Reflectievaardigheden en een cijfer

Reflecteren, kan je dat leren?

Reflectieopdrachten: een persoonlijke hel of wat gratis punten om je cijfergemiddelde wat op te krikken? De meeste mensen lijken in één van de twee kampen te vallen. In ieder geval worden door beide kanten reflectieopdrachten vaak gezien als tijdsverspilling. Ten onrechte, zou mijn eerste insteek zijn: het is belangrijk om kritisch te reflecteren. Niet alleen op je eigen positie, je gedrag en ideologieën, en de invloed daarvan op je onderzoek, maar ook op het leren en ontwikkelen; kritisch kijken naar leermomenten om daar gericht interventies op te doen. 

Ik denk dat we het allemaal eens zullen zijn met het belang van kritische zelfreflectie. Echter, dat is dan ook waar zo’n opdracht bij blijft. Want wéten studenten nou eigenlijk hoe je effectief reflecteert? Nooit in mijn leven heb ik ooit een leerlijn gekregen over reflectie. Mij werd alleen maar gevraagd óm te reflecteren. Vaagheid over wat je moet doen kan tot creativiteit leiden, maar het gebrek aan handvaten lijkt hier vooral te leiden tot oppervlakkige en slechts beschrijvende reflectie. 

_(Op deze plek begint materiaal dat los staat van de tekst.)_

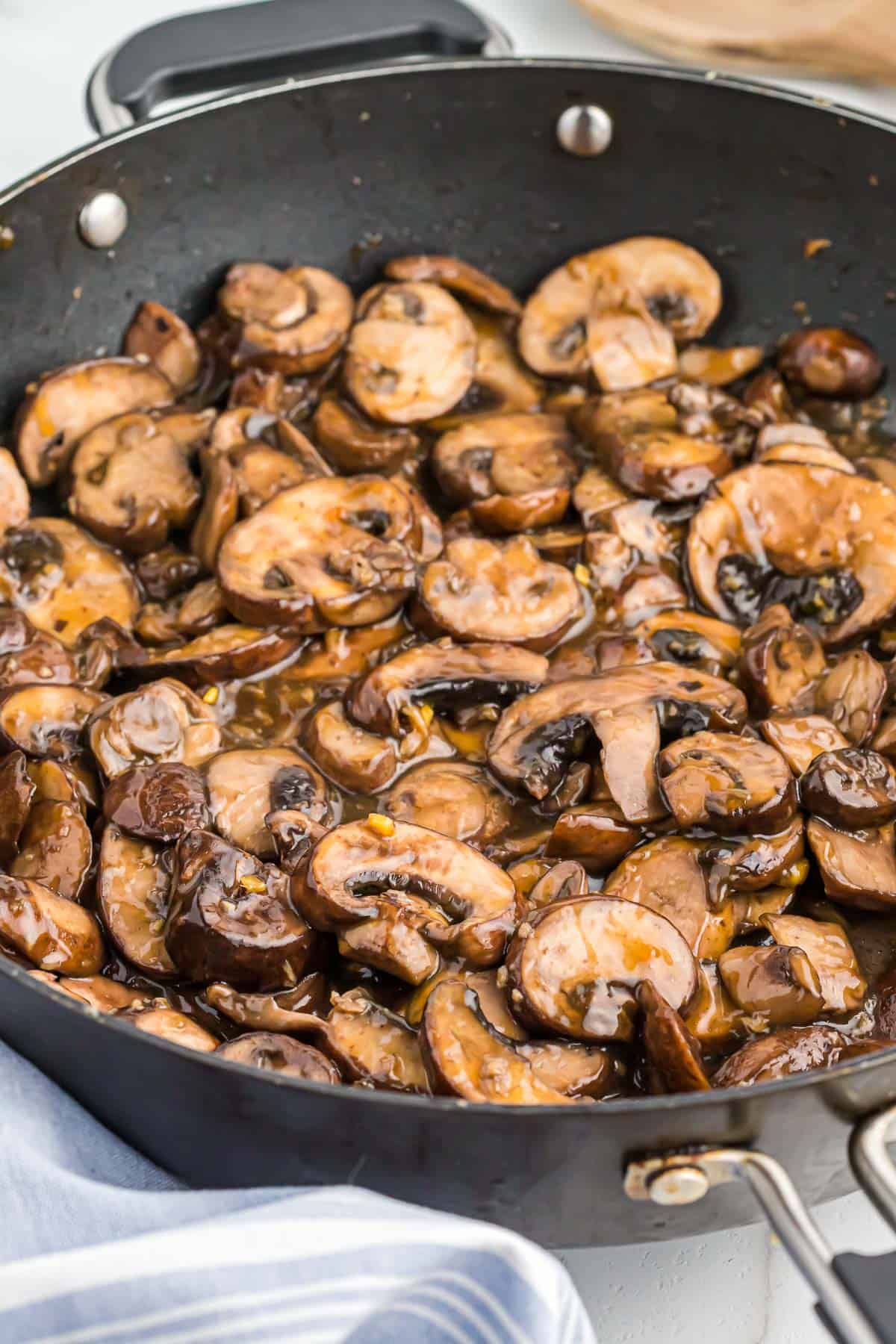 teriyaki fried mushrooms in a skillet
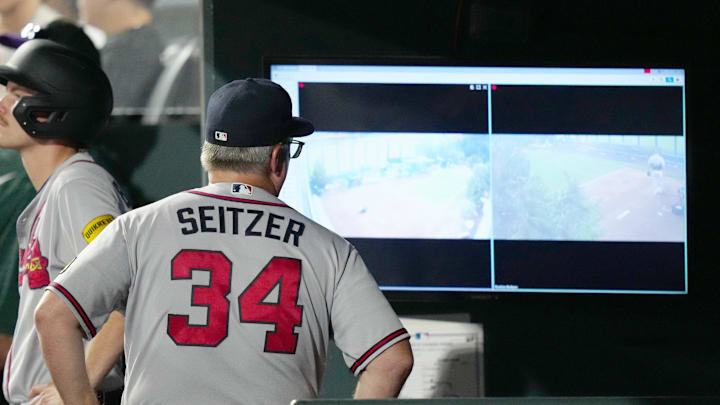 Atlanta Braves hitting coach Kevin Seitzer (34) looks at the bull pen monitors in the seventh inning against the Colorado Rockies at Coors Field. 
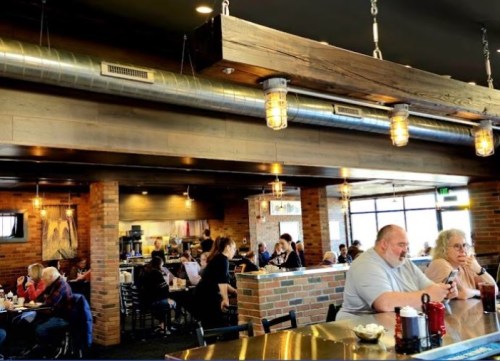 A busy restaurant interior with patrons dining and chatting, featuring brick walls and industrial lighting.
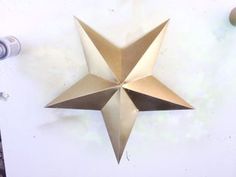 an origami star is hanging on the wall next to some knobs and a bottle opener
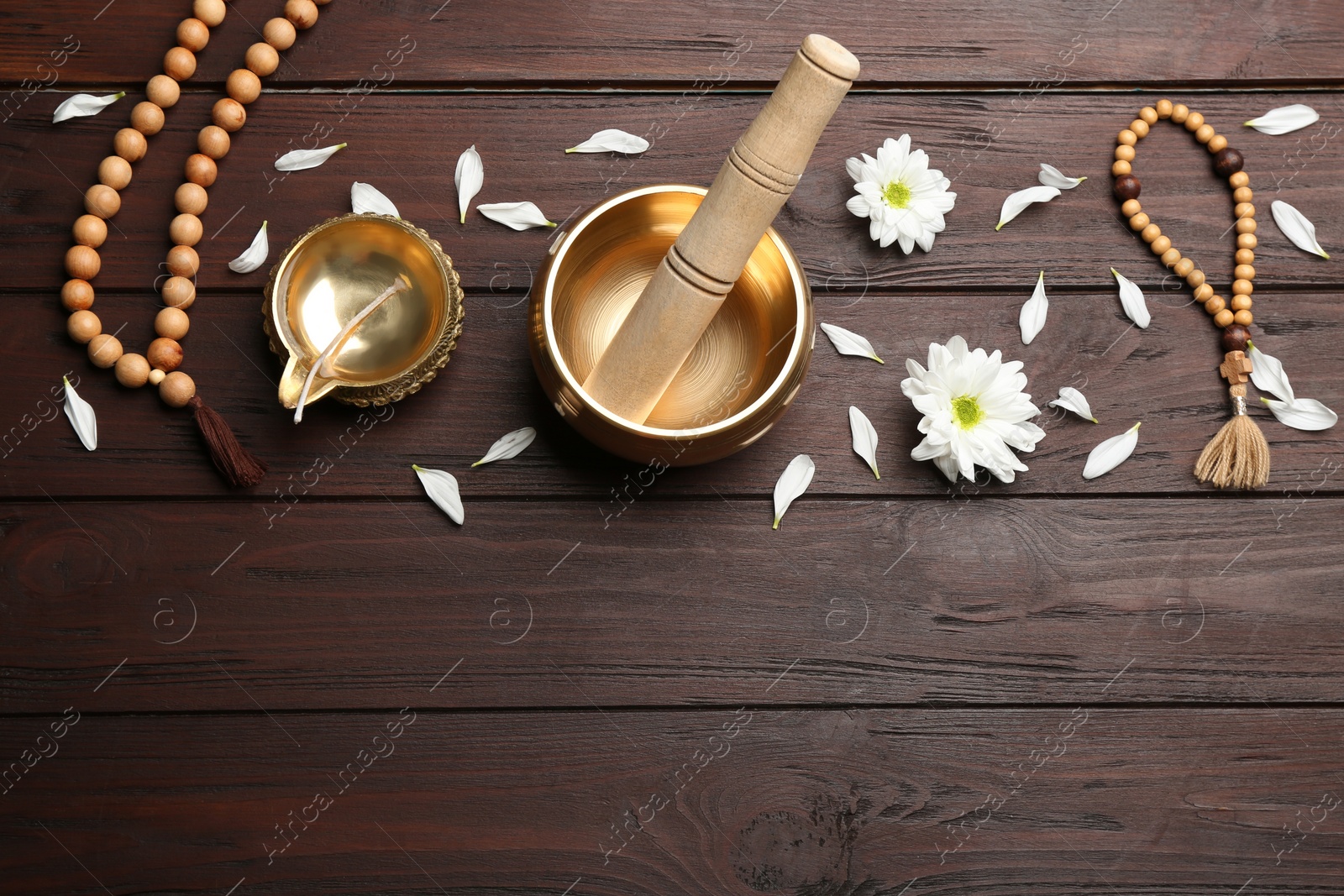 Photo of Flat lay composition with golden singing bowl on wooden table, space for text. Sound healing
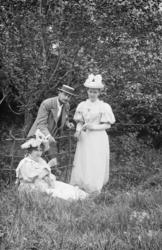 Gruppe, en mann og en kvinne står, en kvinne sitter i gresse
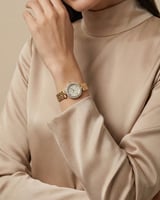 ساعة ذهبية من خاتون® تصميم كلاسيكي بإطار ماسي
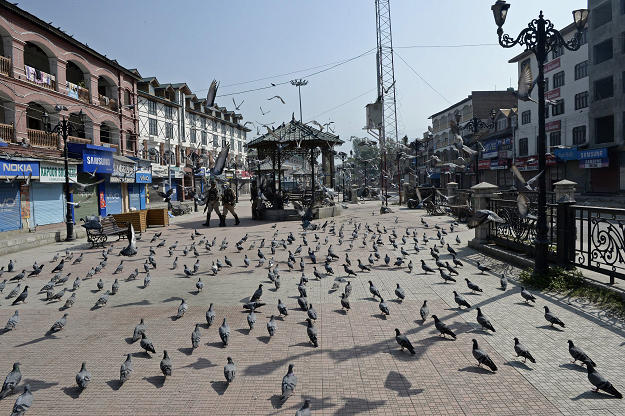 Indian paramilitary troopers patrol past pigeons during the first day of a strike . PHOTO:AFP
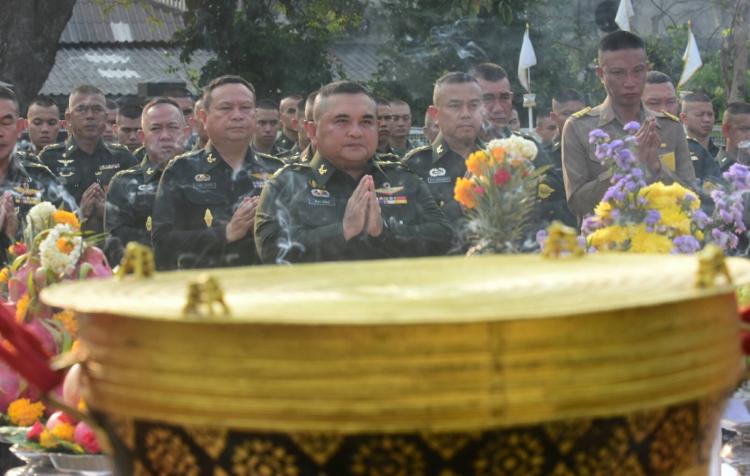 Religious gathering of soldiers in front of bronze drums.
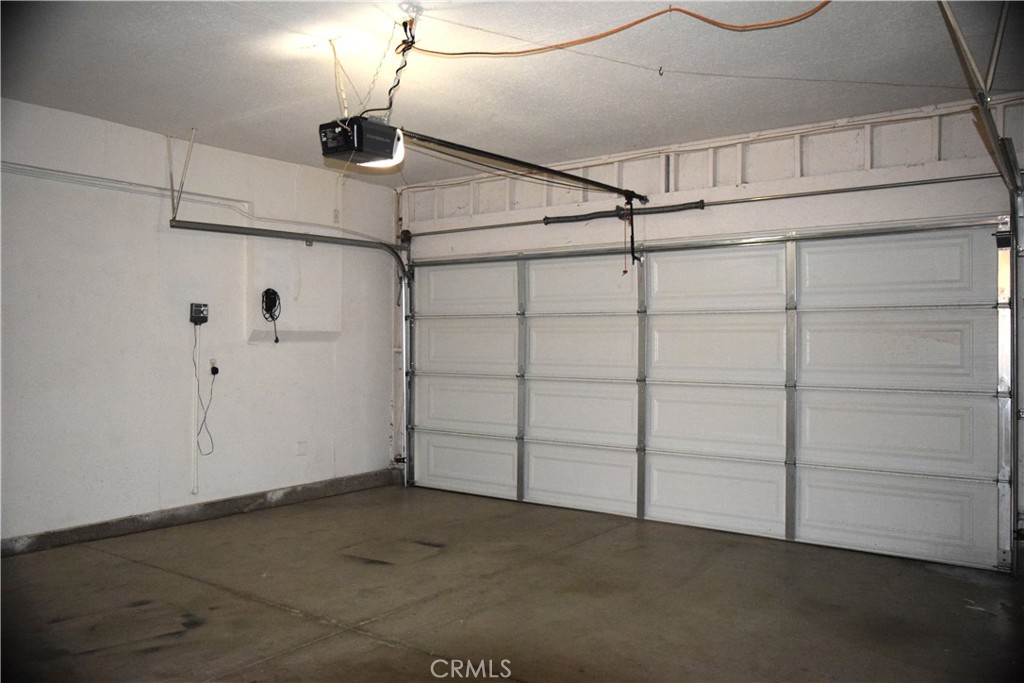 Empty garage with a closed sectional door, ceiling-mounted opener, and concrete floor.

Daar wordt dan natuurlijk wél een cijfer aan gebonden. En daar blijf ik problemen mee hebben. Een pass/fail beoordeling snap ik nog wel: iemand kan immers vrij makkelijk een reflectieverslag bekijken en zeggen dat deze diepgaand is, of juist beschrijvend. Maar met een numeriek cijfer, van 1 tot en met 10, kwantificeer je een reflectie ergens tussen absoluut waardeloos en absoluut perfect. Hoe ziet een ‘voldoende, maar niet goede’-reflectie (ca. een 6) eruit? Een ‘net-wel’- (5,5) of een ‘net-niet’-reflectie (5,4)? Wat is hier het verschil tussen een 3 en een 4? Tussen een 7 en een 8? Zonder de inhoudelijke criteria om een cijfer op te stellen zoals in reguliere opdrachten wordt een cijfer een arbitrair oordeel van de waargenomen kwaliteit.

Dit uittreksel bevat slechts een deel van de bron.